C.   Membangun bangsa berkarakter

Karakter bangsa terbangun atau tidak sangat tergantung kepada bangsa itu sendiri. Bila bangsa tersebut memberikan perhatian yang cukup untuk membangun karakter maka akan terciptalah bangsa yang berkarakter. Bila sekolah dapat memberikan pembangunan karakter kepada para muridnya, maka akan tercipta pula murid yang berkarakter. Demikian pula sebaliknya. Kita faham Tuhan tidak merubah keadaan suatu kaum biala mereka tidak berusaha melakukan perubahan itu. (innalloha laa yughoyyiru maa biqoumin hattaa yughoyyiruu maa bi anfusihim).

Lima pilar karakter luhur bangsa Indonesia:
1.    Transendensi: Menyadari bahwa manusia merupakan ciptaan Tuhan yang maha Esa. Dari kesadaran ini akan memunculkan sikap penghambaan semata-mata pada Tuhan yang Esa. Kesadaran ini juga berarti memahami keberadaan diri dan alam sekitar sehingga mampu menjaga dan memakmurkannya. Ketuhanan yang maha Esa;
2.    Humanisasi: Setiap manusia pada hakekatnya setara di mata Tuhan kecuali ilmu dan ketakwaan yang membedakannya. Manusia diciptakan sebagai subjek yang memiliki potensi.  Kemanusiaan yang adil dan beradap;
3.    Kebinekaan: Kesadaran akan adanya sekian banyak perbedaan di dunia. Akan tetapi, mampu mengambil kesamaan untuk menumbuhkan kekuatan,   Persatuan Indonesia;
4.    Liberasi: Pembebasan atas penindasan sesama manusia. Karenanya, tidak dibenarkan adanya penjajahan manusia oleh manusia.   Kerakyatan yang dipimpin oleh hikmah kebijaksanaan dalam permusyawaratan perwakilan;
5.    Keadilan: Keadilan merupakan kunci kesejahteraan. Adil tidak berarti sama, tetapi proporsional.   Keadilan sosial bagi seluruh rakyat Indonesia.
Dr. Sukamto dalam diskusi yang diselenggarakan Jum’at, 19 Juni 2009 mengemukakan bahwa untuk melakukan pendidikan karakter, perlu adanya powerfull ideas, yang menjadi pintu masuk pendidikan karakter.
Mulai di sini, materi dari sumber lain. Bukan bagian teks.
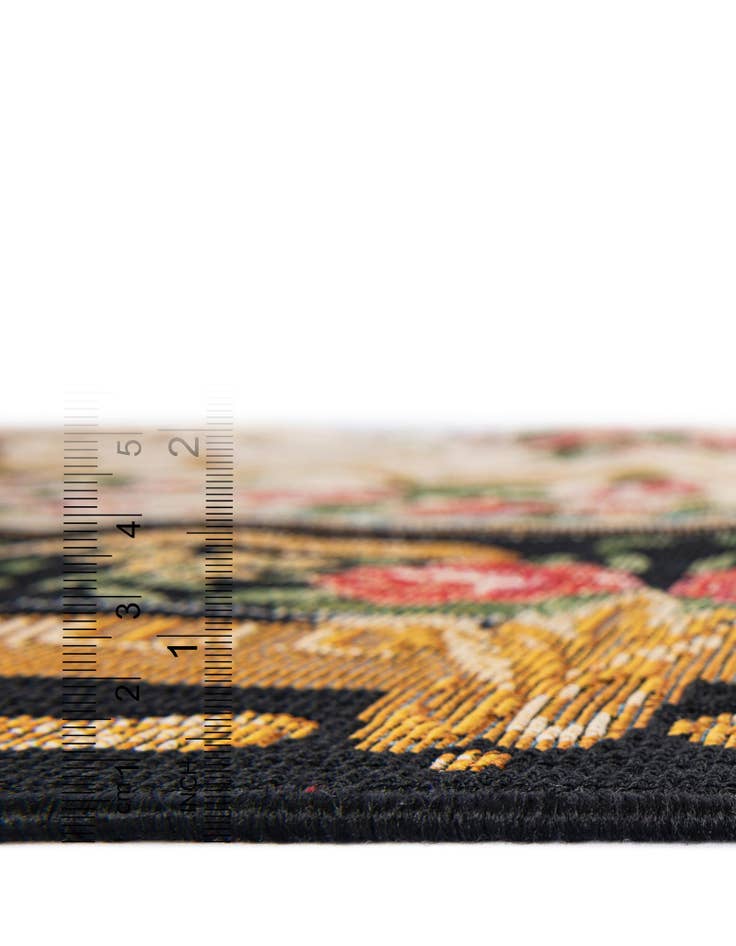 Detail image of 10' x 10' Easy-Clean Traditional Indoor / Outdoor Square Rug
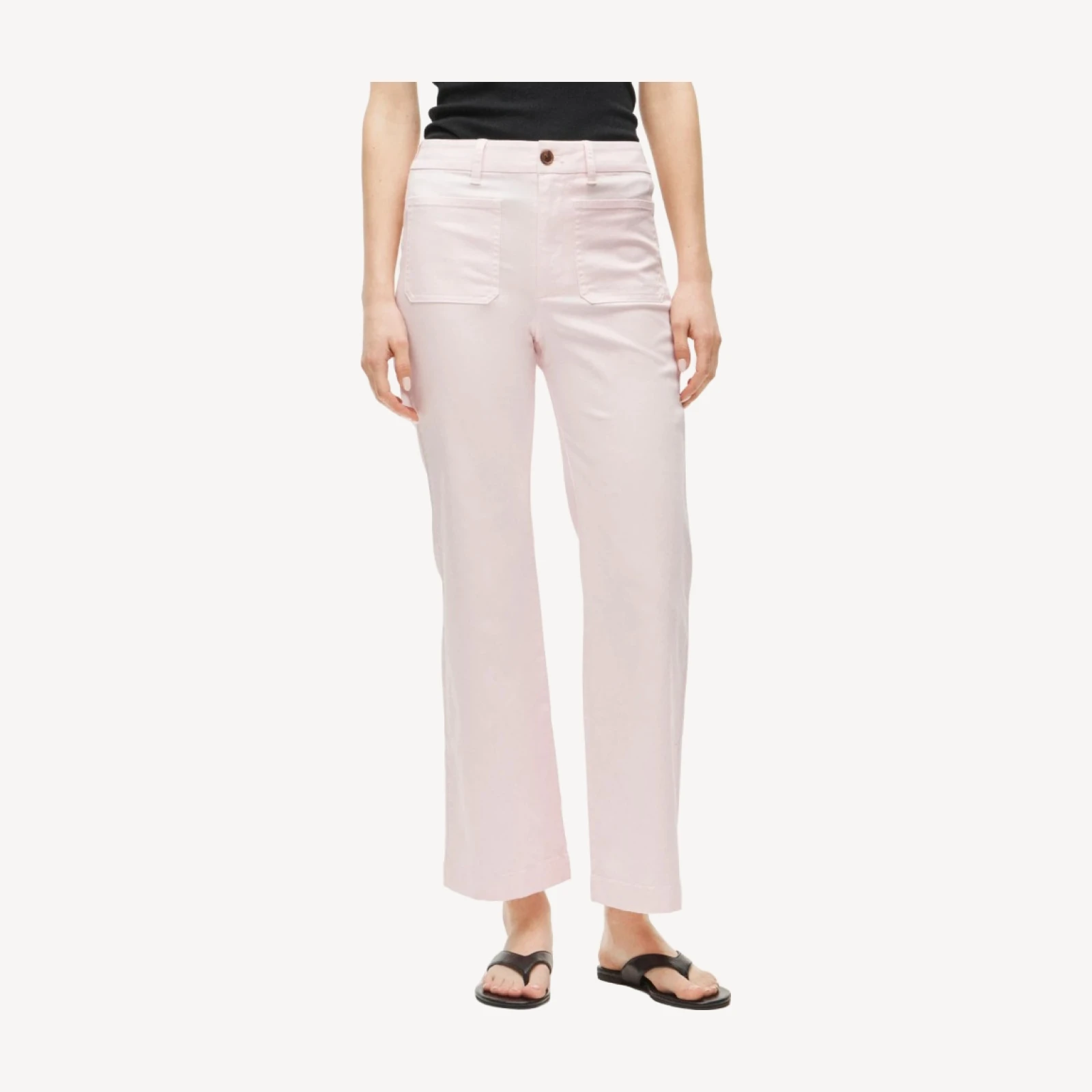 Charley kickout cropped pant in chino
Powerfull ideas ini meliputi: (1) God, the World & Me (gagasan tentang Tuhan, dunia, dan saya); (2) Knowing Yourself (memahami diri sendiri); (3) Becoming a Moral Person (menjadi manusia bermoral); (4) Understanding & Being Understood Getting Along with Others (memahami dan dipahami); (5) A Sense of Belonging (bekerjasama dengan orang lain); (6) Drawing Strength from the Past (mengambil kekuatan di masa lalu); (7) Dien for All Times & Places; (8) Caring for Allah’s Creation (kepedulian terhadap makhluq); (9) Making a Difference (membuat perbedaan); dan (10) Taking the Lead.
Adapun nilai-nilai luhur yang perlu diajarkan agar menjadi sikap hidup sehari-hari menurut Dr Sukamto, antara lain meliputi: Kejujuran; Loyalitas dan dapat diandalkan; Hormat; Cinta; Ketidak egoisan dan sensitifitas; Baik hati dan pertemanan; Keberanian; Kedamaian; Mandiri dan Potensial; Disiplin diri dan Moderasi; Kesetiaan dan kemurnian; dan Keadilan dan kasih sayang.
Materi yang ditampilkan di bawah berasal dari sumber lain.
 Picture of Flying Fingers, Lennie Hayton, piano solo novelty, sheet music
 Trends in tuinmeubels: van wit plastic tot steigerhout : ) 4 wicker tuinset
Seorang intelektual hendaknya berkarakter kenabian/profetik (berjiwa agama) memiliki sifat-sifat sebagai berikut:
Karakter manusia “sempurna” sebagaimana ditampilkan oleh para Nabi dalam kehidupan sehari-hari. Bila seseorang memahami akhlak para nabi (sejak Nabi Adam sampai dengan Nabi Muhammad saw) dan turut mengamalkannya dalam kehidupan sehari-hari berarti orang tersebut telah memiliki karakter. Jadi karakter yang harus dibangun adalah karakter yang baik, bila tidak niscaya yang berkembang adalah karakter yang tidak baik. (Fa alhamaha fujuroha wa taqwaha. Qod aflaha man zakkahaa, wa qod khoba man dassaha)
Agar dapat memiliki karakter profetik maka 3 aspek utama dalam diri manusia harus diberikan perhatian secara seimbang, yakni hati, emosi, akal. (Nabi bersabda: Ketahuilah bahwa dalam diri setiap kalian ada ”mudghoh” (segumpal daging), jika mudghoh itu bersih maka semua yang ditampilkan oleh orang tersebut juga bersih (baik), dan jika mudghoh itu rusak maka yang ditampilkan oleh orang tersebut juga rusak (tidak baik). Ketahuilah bahwa yang disebut mudghoh itu adalah al-qolb (hati). (Al-Hadist)
           

            Beberapa factor penting sebagai ciri karakter profetik, antara lain:
1.    Sadar sebagai makhluq ciptaan Tuhan: Sadar sebagai makhluq muncul ketika ia mampu memahami keberadaan dirinya, alam sekitar, dan Tuhan YME. Konsepsi ini dibangun dari nilai-nilai transendensi.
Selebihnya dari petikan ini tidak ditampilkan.